On the record before us, we think the government has adequately rebutted any presumption of vindictiveness that might be deemed to apply in this case. The events at King's first trial reasonably convinced the prosecutors that an indictment of King's corporation would improve their chances of getting the jury to convict at least one of the defendants. The superseding indictment was the result of prosecutorial strategizing, not prosecutorial vindictiveness. It was not, therefore, improper to add the corporate defendant, a party that we expect will be tried in a joint trial with its controlling shareholder.
We reverse the order of the district court dismissing the indictment against the Corporation and remand for further proceedings consistent with this opinion.

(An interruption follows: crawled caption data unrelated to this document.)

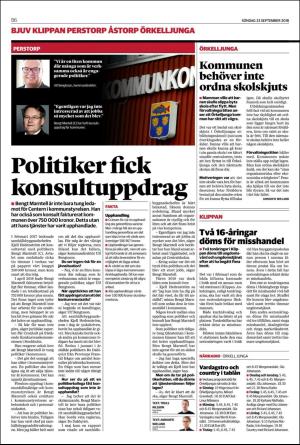 nordvastraskanestidningar_b-20180923_000_00_00_006.pdf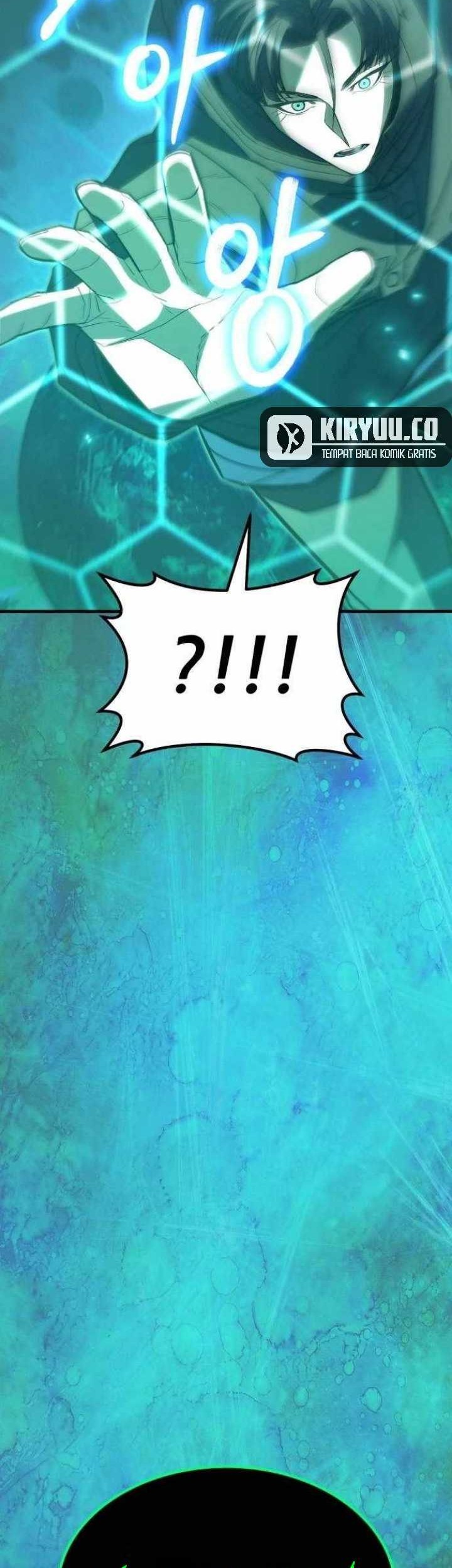 Expelled Hero Is Too Strong Chapter 36 - halaman 63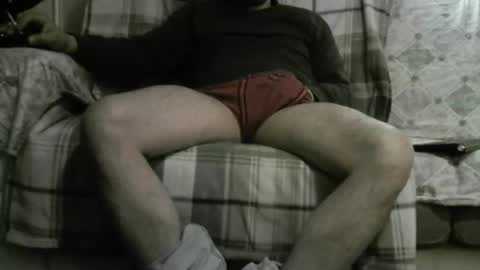 Snapshot of maty_212121 chatting on 02.28.26 Mattias online show from 02.28.26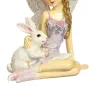 Фігурка Fairy and Bunny Lefard AL84530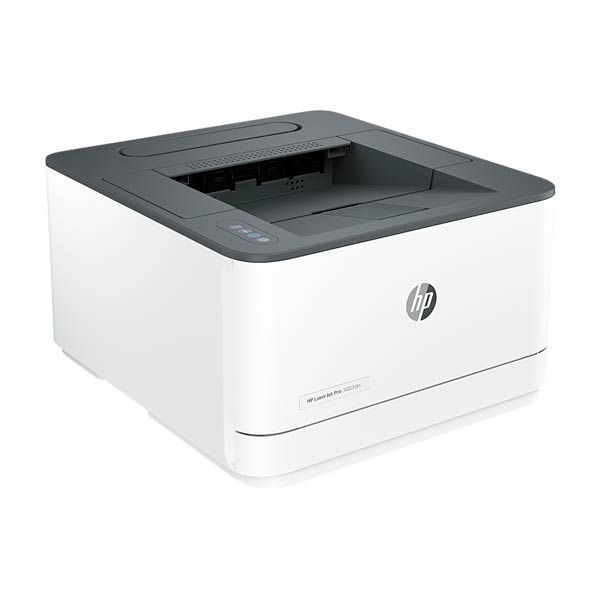 Printer HP LaserJet Pro 3003dn 3G653A — Mallar, Bakı
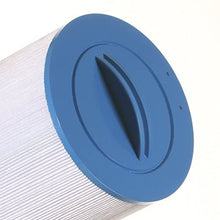 Load image into Gallery viewer, Baleen Filters 50 sq. ft. Pool Filter Replaces Unicel C-7350, Pleatco PCD50N, Filbur FC-3963-Pool and Spa Filter Cartridges Model: AK-60033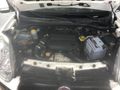 Sahibinden Fiat Doblo Combi 1.3 Multijet Dynamic 2014 Model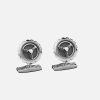 Classic Racing cufflinks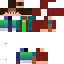 Texture for Xzonox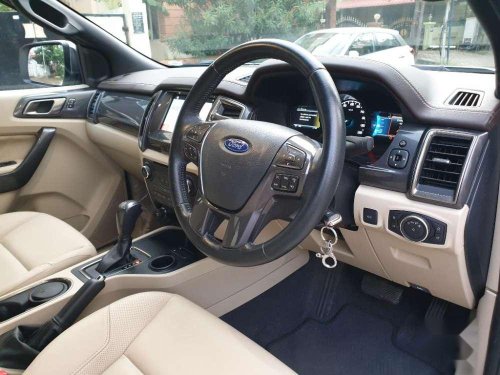 Used Ford Endeavour AT for sale at low price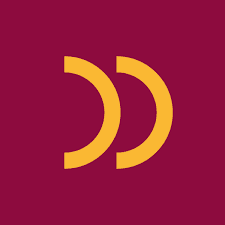 DURDO logosu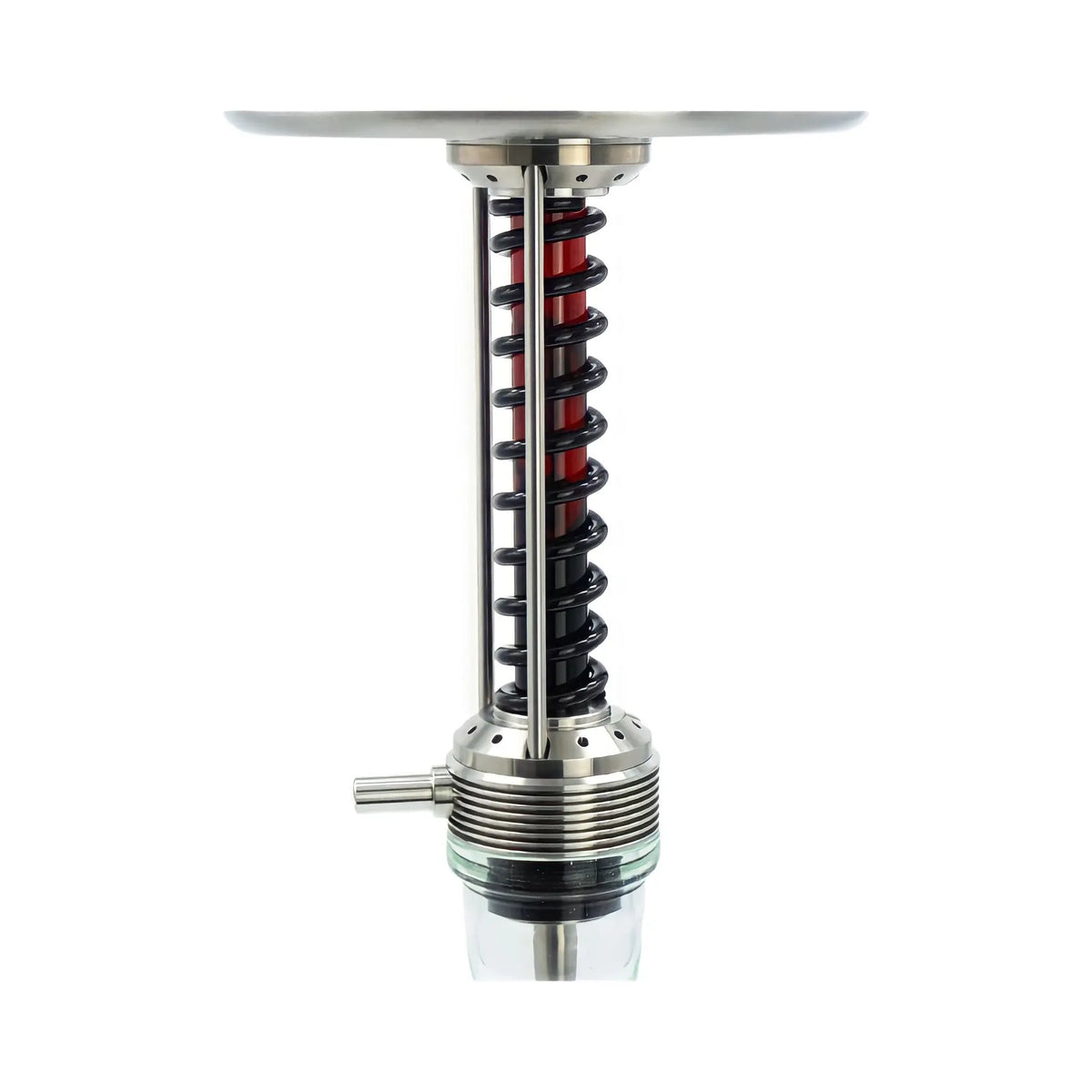 Shi Carver Hookah Sybertank - SoBe Hookah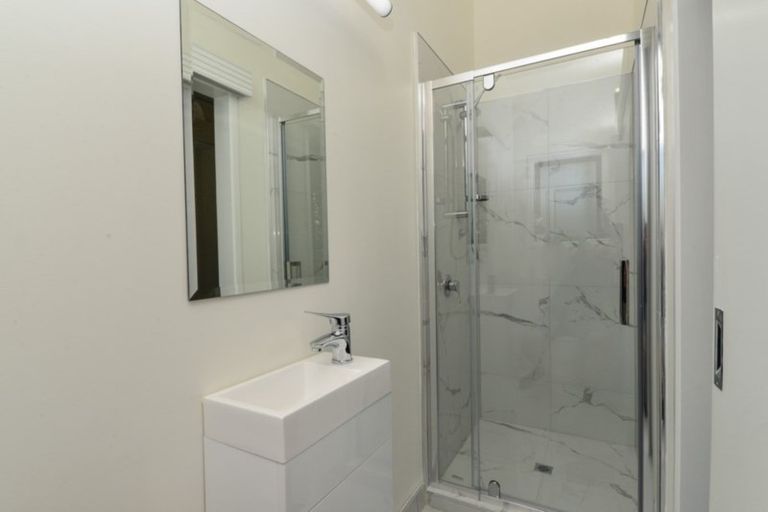 Photo of property in 63 Flynn Road, Hillcrest, Hamilton, 3216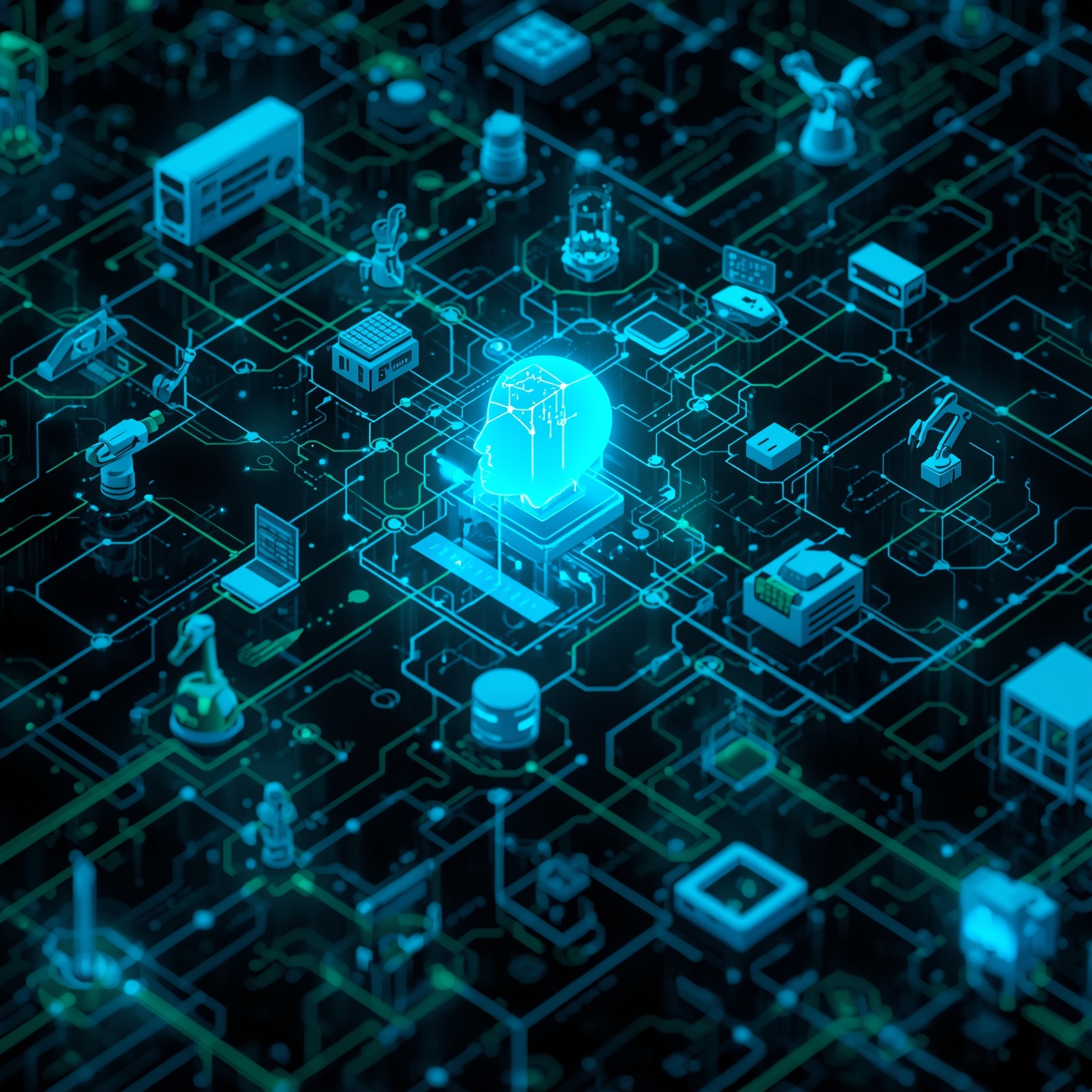 SecuriThings Announced the Launch of AI-Powered Agentic Device Orchestrator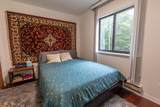88 Wild Turkey Circle - Photo 18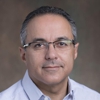 Abderrahmane Temmar, MD gallery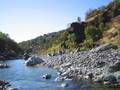 /photos/mendocino20050924/thumbs/IMG_0072.JPG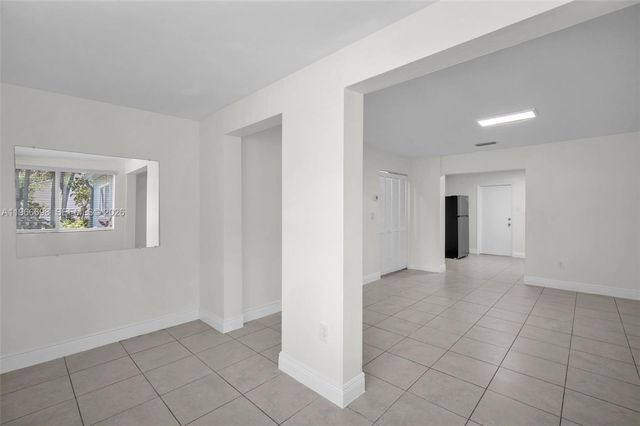 1548 NE 131st Ln 1550, North Miami, FL 33161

1. For example, in his opening argument at the trial, King's defense counsel stated that[King] doesn't do everything by himself. He does what he does best and leaves other things which are necessary to this business to those he employs. One of the things he leaves to somebody else is insurance.Counsel also said, in reference to the alleged altered contract, “I am afraid the guy who made up this, I'm sorry, fouled it up a little bit.”On cross-examination, King agreed that if the Rider was added to the contract it was done without his authorization or knowledge, and that adding the language to the contract after the injury to Chavez, and submitting the altered contract to the Insurer would have been “wrong” and “deceptive.”The defense closing argument also emphasized that other employees of the Corporation were involved in the insurance claim.
2. We of course express no view as to whether conviction of either King or the Corporation is warranted at the retrial.